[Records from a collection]
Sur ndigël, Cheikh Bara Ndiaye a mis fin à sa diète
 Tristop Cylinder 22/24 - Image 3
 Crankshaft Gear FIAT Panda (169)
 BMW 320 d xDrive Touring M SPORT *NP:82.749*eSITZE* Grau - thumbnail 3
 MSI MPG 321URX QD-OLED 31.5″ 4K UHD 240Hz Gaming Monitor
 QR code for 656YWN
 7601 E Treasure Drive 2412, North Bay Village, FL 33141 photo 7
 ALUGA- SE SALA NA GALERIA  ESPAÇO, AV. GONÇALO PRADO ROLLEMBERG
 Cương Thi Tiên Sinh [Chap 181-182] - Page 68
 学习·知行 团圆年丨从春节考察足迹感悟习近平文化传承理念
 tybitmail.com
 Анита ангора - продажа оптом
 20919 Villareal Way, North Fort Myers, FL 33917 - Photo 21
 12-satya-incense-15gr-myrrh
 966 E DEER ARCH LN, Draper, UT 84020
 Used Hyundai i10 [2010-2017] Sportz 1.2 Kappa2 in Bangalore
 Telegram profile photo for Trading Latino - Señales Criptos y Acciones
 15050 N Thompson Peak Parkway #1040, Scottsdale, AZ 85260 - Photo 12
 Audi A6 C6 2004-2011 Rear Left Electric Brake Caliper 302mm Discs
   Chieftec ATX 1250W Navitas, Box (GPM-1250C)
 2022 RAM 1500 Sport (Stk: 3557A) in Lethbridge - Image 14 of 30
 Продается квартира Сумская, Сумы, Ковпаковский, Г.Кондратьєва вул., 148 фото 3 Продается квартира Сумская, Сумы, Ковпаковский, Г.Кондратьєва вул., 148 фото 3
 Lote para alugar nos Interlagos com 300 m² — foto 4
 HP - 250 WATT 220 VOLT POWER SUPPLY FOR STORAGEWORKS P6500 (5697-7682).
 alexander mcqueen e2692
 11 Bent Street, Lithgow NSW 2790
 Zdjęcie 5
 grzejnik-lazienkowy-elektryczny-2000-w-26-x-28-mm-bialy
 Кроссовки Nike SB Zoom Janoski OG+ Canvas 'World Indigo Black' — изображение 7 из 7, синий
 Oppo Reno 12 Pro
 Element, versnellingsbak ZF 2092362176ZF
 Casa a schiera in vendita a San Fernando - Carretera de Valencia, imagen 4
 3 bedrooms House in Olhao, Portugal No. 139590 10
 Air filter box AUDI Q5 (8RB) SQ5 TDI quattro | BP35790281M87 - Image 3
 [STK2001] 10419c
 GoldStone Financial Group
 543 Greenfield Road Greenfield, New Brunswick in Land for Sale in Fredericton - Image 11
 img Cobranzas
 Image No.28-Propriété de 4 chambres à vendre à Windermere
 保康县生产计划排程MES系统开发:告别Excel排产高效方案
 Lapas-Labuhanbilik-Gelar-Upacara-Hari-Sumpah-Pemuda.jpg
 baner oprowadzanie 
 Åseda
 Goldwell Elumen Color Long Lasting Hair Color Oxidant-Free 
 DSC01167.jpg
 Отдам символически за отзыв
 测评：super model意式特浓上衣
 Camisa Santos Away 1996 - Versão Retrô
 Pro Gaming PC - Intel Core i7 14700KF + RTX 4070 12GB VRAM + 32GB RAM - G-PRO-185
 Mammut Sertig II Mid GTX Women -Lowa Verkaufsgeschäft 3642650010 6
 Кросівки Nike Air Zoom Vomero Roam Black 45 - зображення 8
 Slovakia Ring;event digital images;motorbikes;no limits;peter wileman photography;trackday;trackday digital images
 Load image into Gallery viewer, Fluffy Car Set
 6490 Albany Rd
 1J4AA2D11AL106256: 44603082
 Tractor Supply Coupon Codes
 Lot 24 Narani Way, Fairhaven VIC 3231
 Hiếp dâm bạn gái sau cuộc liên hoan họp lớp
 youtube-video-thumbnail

**Your goal**
Repeat the entries exactly, all of them.

**Exercise solution**
Sur ndigël, Cheikh Bara Ndiaye a mis fin à sa diète
 Tristop Cylinder 22/24 - Image 3
 Crankshaft Gear FIAT Panda (169)
 BMW 320 d xDrive Touring M SPORT *NP:82.749*eSITZE* Grau - thumbnail 3
 MSI MPG 321URX QD-OLED 31.5″ 4K UHD 240Hz Gaming Monitor
 QR code for 656YWN
 7601 E Treasure Drive 2412, North Bay Village, FL 33141 photo 7
 ALUGA- SE SALA NA GALERIA  ESPAÇO, AV. GONÇALO PRADO ROLLEMBERG
 Cương Thi Tiên Sinh [Chap 181-182] - Page 68
 学习·知行 团圆年丨从春节考察足迹感悟习近平文化传承理念
 tybitmail.com
 Анита ангора - продажа оптом
 20919 Villareal Way, North Fort Myers, FL 33917 - Photo 21
 12-satya-incense-15gr-myrrh
 966 E DEER ARCH LN, Draper, UT 84020
 Used Hyundai i10 [2010-2017] Sportz 1.2 Kappa2 in Bangalore
 Telegram profile photo for Trading Latino - Señales Criptos y Acciones
 15050 N Thompson Peak Parkway #1040, Scottsdale, AZ 85260 - Photo 12
 Audi A6 C6 2004-2011 Rear Left Electric Brake Caliper 302mm Discs
   Chieftec ATX 1250W Navitas, Box (GPM-1250C)
 2022 RAM 1500 Sport (Stk: 3557A) in Lethbridge - Image 14 of 30
 Продается квартира Сумская, Сумы, Ковпаковский, Г.Кондратьєва вул., 148 фото 3 Продается квартира Сумская, Сумы, Ковпаковский, Г.Кондратьєва вул., 148 фото 3
 Lote para alugar nos Interlagos com 300 m² — foto 4
 HP - 250 WATT 220 VOLT POWER SUPPLY FOR STORAGEWORKS P6500 (5697-7682).
 alexander mcqueen e2692
 11 Bent Street, Lithgow NSW 2790
 Zdjęcie 5
 grzejnik-lazienkowy-elektryczny-2000-w-26-x-28-mm-bialy
 Кроссовки Nike SB Zoom Janoski OG+ Canvas 'World Indigo Black' — изображение 7 из 7, синий
 Oppo Reno 12 Pro
 Element, versnellingsbak ZF 2092362176ZF
 Casa a schiera in vendita a San Fernando - Carretera de Valencia, imagen 4
 3 bedrooms House in Olhao, Portugal No. 139590 10
 Air filter box AUDI Q5 (8RB) SQ5 TDI quattro | BP35790281M87 - Image 3
 [STK2001] 10419c
 GoldStone Financial Group
 543 Greenfield Road Greenfield, New Brunswick in Land for Sale in Fredericton - Image 11
 img Cobranzas
 Image No.28-Propriété de 4 chambres à vendre à Windermere
 保康县生产计划排程MES系统开发:告别Excel排产高效方案
 Lapas-Labuhanbilik-Gelar-Upacara-Hari-Sumpah-Pemuda.jpg
 baner oprowadzanie 
 Åseda
 Goldwell Elumen Color Long Lasting Hair Color Oxidant-Free 
 DSC01167.jpg
 Отдам символически за отзыв
 测评：super model意式特浓上衣
 Camisa Santos Away 1996 - Versão Retrô
 Pro Gaming PC - Intel Core i7 14700KF + RTX 4070 12GB VRAM + 32GB RAM - G-PRO-185
 Mammut Sertig II Mid GTX Women -Lowa Verkaufsgeschäft 3642650010 6
 Кросівки Nike Air Zoom Vomero Roam Black 45 - зображення 8
 Slovakia Ring;event digital images;motorbikes;no limits;peter wileman photography;trackday;trackday digital images
 Load image into Gallery viewer, Fluffy Car Set
 6490 Albany Rd
 1J4AA2D11AL106256: 44603082
 Tractor Supply Coupon Codes
 Lot 24 Narani Way, Fairhaven VIC 3231
 Hiếp dâm bạn gái sau cuộc liên hoan họp lớp
 youtube-video-thumbnail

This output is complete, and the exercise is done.